● WORK INSTRUCTIONS
Please return exactly the line that contains "מודעת רכב מאזדה 6" and every line after it, through the last line of the records below, with no pictures.

Records excerpted from a collection:
# # # #

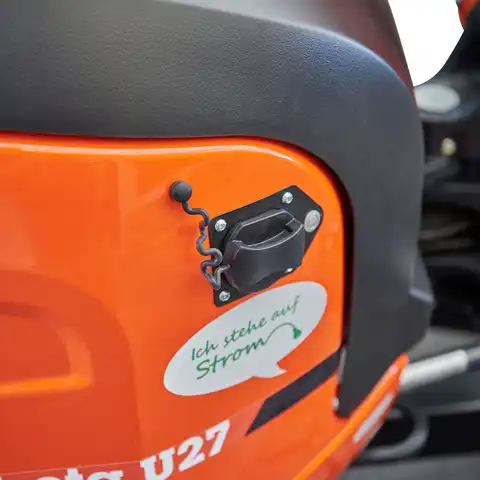pelle électro HUTTER Kubota U27E, poids 2698 kg, Moteur électrique 19.9 kW, Balancier long de série, Déport arrière nul, Instruments de bord digitaux, Système antivol, Siège semi suspendu réglable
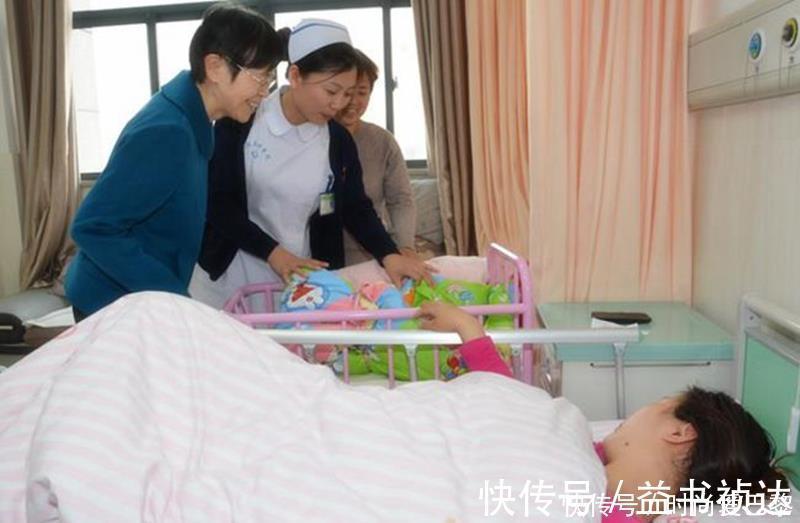 踩生|“踩生”是迷信吗?第一个抱新生儿的人很重要,最好别是这四种人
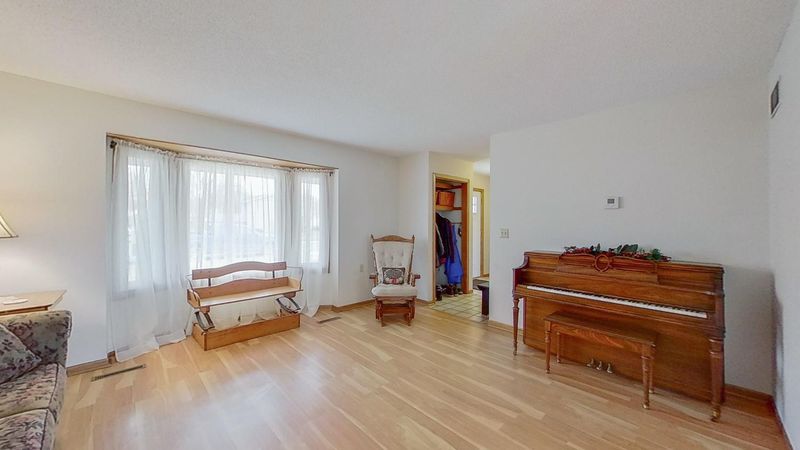717 Berg Blvd SE, Stewartville, MN 55976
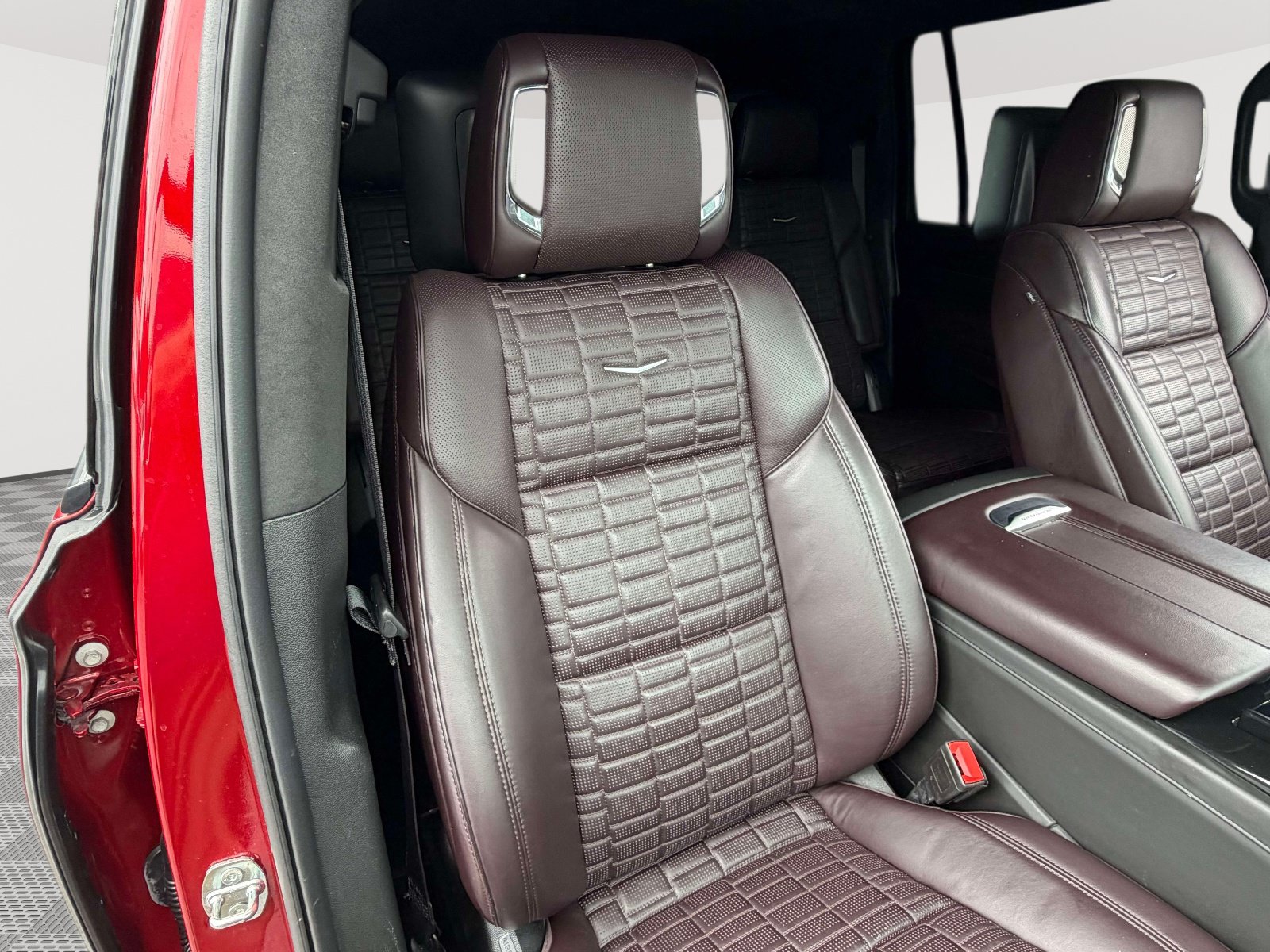 Used 2022 Cadillac Escalade ESV Sport Platinum AWD/4WD image 29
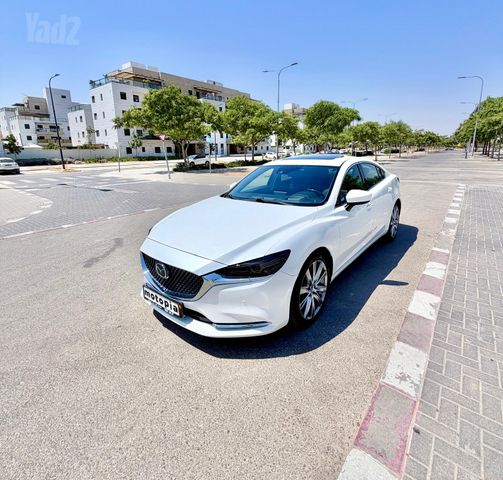 מודעת רכב מאזדה 6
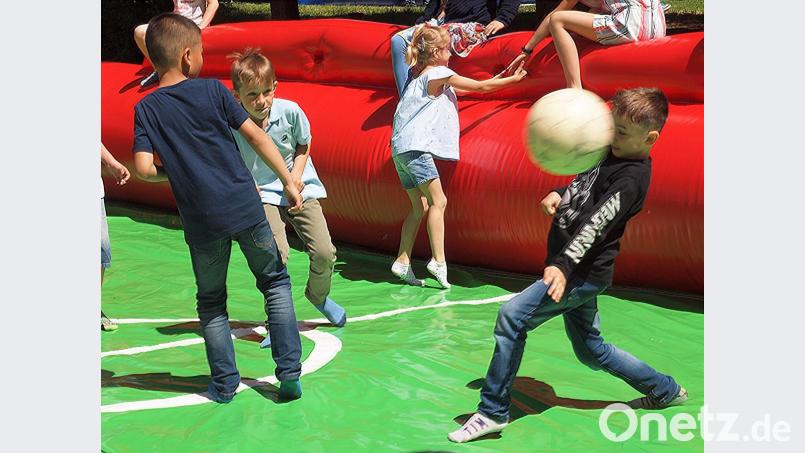 Beim Menschenkicker tobte der Kampf um und mit dem runden Leder, mitunter auch im direkten Zweikampf. Bild: sön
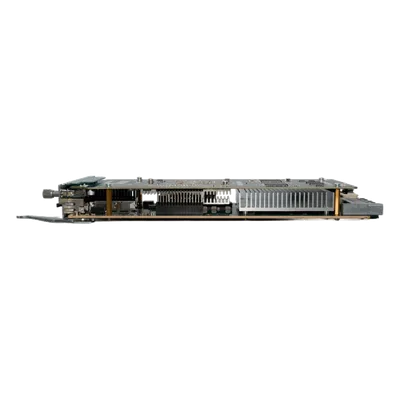 Tarjeta de Control y Uplink / 3x SFP/SFP+ 1/10G / 1x QSFP28 40/50/100G / Puerto Consola RJ45 / Out-Band 10/100/1000Base-T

# # # #

● ANSWER SECTION
 מודעת רכב מאזדה 6
 Beim Menschenkicker tobte der Kampf um und mit dem runden Leder, mitunter auch im direkten Zweikampf. Bild: sön
 Tarjeta de Control y Uplink / 3x SFP/SFP+ 1/10G / 1x QSFP28 40/50/100G / Puerto Consola RJ45 / Out-Band 10/100/1000Base-T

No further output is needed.